* _ACTIVITY_: Give back all of the data verbatim.

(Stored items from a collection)
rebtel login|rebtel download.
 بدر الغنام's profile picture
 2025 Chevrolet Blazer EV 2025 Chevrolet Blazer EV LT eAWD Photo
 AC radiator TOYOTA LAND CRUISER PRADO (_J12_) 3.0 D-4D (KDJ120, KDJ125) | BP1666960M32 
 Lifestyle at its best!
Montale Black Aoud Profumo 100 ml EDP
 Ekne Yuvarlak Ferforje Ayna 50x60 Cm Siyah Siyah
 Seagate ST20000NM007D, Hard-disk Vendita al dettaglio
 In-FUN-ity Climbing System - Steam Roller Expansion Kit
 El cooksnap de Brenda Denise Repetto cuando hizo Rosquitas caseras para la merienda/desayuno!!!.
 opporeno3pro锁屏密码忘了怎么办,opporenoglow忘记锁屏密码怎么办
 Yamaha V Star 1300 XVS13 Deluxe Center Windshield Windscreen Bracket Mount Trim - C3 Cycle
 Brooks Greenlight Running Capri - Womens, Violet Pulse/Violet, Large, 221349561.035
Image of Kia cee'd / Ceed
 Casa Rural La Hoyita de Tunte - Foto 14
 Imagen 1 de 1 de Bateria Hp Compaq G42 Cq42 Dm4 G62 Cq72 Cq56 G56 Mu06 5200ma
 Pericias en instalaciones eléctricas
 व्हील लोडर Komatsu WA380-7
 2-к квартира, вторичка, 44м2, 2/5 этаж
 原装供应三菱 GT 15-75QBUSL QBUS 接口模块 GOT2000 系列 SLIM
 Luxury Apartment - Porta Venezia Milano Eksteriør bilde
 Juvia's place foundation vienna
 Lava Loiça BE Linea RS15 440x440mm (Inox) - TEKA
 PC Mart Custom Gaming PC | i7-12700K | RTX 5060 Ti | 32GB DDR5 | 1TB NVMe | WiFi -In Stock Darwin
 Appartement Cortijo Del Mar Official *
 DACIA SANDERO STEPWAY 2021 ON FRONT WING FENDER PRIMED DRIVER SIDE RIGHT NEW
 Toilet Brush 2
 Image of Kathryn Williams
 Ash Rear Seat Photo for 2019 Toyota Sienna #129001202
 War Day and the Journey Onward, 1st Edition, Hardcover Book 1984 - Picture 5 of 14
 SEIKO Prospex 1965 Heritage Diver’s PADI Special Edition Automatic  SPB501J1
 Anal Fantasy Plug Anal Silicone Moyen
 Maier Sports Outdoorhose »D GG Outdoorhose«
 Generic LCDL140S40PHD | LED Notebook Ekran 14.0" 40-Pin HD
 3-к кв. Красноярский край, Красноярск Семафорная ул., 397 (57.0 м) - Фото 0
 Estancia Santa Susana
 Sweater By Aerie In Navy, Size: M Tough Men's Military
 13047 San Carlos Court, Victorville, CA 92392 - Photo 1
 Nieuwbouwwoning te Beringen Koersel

* _THE ANSWER_:
rebtel login|rebtel download.
 بدر الغنام's profile picture
 2025 Chevrolet Blazer EV 2025 Chevrolet Blazer EV LT eAWD Photo
 AC radiator TOYOTA LAND CRUISER PRADO (_J12_) 3.0 D-4D (KDJ120, KDJ125) | BP1666960M32 
 Lifestyle at its best!
Montale Black Aoud Profumo 100 ml EDP
 Ekne Yuvarlak Ferforje Ayna 50x60 Cm Siyah Siyah
 Seagate ST20000NM007D, Hard-disk Vendita al dettaglio
 In-FUN-ity Climbing System - Steam Roller Expansion Kit
 El cooksnap de Brenda Denise Repetto cuando hizo Rosquitas caseras para la merienda/desayuno!!!.
 opporeno3pro锁屏密码忘了怎么办,opporenoglow忘记锁屏密码怎么办
 Yamaha V Star 1300 XVS13 Deluxe Center Windshield Windscreen Bracket Mount Trim - C3 Cycle
 Brooks Greenlight Running Capri - Womens, Violet Pulse/Violet, Large, 221349561.035
Image of Kia cee'd / Ceed
 Casa Rural La Hoyita de Tunte - Foto 14
 Imagen 1 de 1 de Bateria Hp Compaq G42 Cq42 Dm4 G62 Cq72 Cq56 G56 Mu06 5200ma
 Pericias en instalaciones eléctricas
 व्हील लोडर Komatsu WA380-7
 2-к квартира, вторичка, 44м2, 2/5 этаж
 原装供应三菱 GT 15-75QBUSL QBUS 接口模块 GOT2000 系列 SLIM
 Luxury Apartment - Porta Venezia Milano Eksteriør bilde
 Juvia's place foundation vienna
 Lava Loiça BE Linea RS15 440x440mm (Inox) - TEKA
 PC Mart Custom Gaming PC | i7-12700K | RTX 5060 Ti | 32GB DDR5 | 1TB NVMe | WiFi -In Stock Darwin
 Appartement Cortijo Del Mar Official *
 DACIA SANDERO STEPWAY 2021 ON FRONT WING FENDER PRIMED DRIVER SIDE RIGHT NEW
 Toilet Brush 2
 Image of Kathryn Williams
 Ash Rear Seat Photo for 2019 Toyota Sienna #129001202
 War Day and the Journey Onward, 1st Edition, Hardcover Book 1984 - Picture 5 of 14
 SEIKO Prospex 1965 Heritage Diver’s PADI Special Edition Automatic  SPB501J1
 Anal Fantasy Plug Anal Silicone Moyen
 Maier Sports Outdoorhose »D GG Outdoorhose«
 Generic LCDL140S40PHD | LED Notebook Ekran 14.0" 40-Pin HD
 3-к кв. Красноярский край, Красноярск Семафорная ул., 397 (57.0 м) - Фото 0
 Estancia Santa Susana
 Sweater By Aerie In Navy, Size: M Tough Men's Military
 13047 San Carlos Court, Victorville, CA 92392 - Photo 1
 Nieuwbouwwoning te Beringen Koersel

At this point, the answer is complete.